*** Data excerpts Section Begins ***
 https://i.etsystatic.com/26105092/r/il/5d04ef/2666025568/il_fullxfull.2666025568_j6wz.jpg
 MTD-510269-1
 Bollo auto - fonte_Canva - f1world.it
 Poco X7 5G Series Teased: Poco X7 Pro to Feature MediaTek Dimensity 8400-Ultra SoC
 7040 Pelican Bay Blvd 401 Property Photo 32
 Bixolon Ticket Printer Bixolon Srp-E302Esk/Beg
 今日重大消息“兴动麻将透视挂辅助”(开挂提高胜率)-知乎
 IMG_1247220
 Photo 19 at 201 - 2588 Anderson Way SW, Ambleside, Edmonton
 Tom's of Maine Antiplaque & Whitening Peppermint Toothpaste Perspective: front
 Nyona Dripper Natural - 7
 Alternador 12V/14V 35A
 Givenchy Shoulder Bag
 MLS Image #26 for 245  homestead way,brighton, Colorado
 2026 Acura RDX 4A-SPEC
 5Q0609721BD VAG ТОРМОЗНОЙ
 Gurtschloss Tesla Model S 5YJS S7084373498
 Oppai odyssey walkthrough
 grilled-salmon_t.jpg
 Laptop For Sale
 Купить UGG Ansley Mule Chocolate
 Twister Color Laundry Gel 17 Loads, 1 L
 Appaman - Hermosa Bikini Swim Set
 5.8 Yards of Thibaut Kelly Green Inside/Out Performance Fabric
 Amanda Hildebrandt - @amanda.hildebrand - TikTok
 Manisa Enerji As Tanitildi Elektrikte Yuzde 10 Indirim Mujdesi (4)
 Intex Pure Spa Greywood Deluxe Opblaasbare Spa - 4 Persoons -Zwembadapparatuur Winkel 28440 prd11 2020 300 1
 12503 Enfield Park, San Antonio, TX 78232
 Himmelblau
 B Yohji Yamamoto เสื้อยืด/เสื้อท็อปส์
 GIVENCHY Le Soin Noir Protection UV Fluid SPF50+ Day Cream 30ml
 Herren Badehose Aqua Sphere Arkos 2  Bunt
*** Data excerpts Section Ends ***
Would you output, unchanged, each line from the start of the records to the line that holds "Photo 19 at", both included and nothing else?

» Answer to the problem
 https://i.etsystatic.com/26105092/r/il/5d04ef/2666025568/il_fullxfull.2666025568_j6wz.jpg
 MTD-510269-1
 Bollo auto - fonte_Canva - f1world.it
 Poco X7 5G Series Teased: Poco X7 Pro to Feature MediaTek Dimensity 8400-Ultra SoC
 7040 Pelican Bay Blvd 401 Property Photo 32
 Bixolon Ticket Printer Bixolon Srp-E302Esk/Beg
 今日重大消息“兴动麻将透视挂辅助”(开挂提高胜率)-知乎
 IMG_1247220
 Photo 19 at 201 - 2588 Anderson Way SW, Ambleside, Edmonton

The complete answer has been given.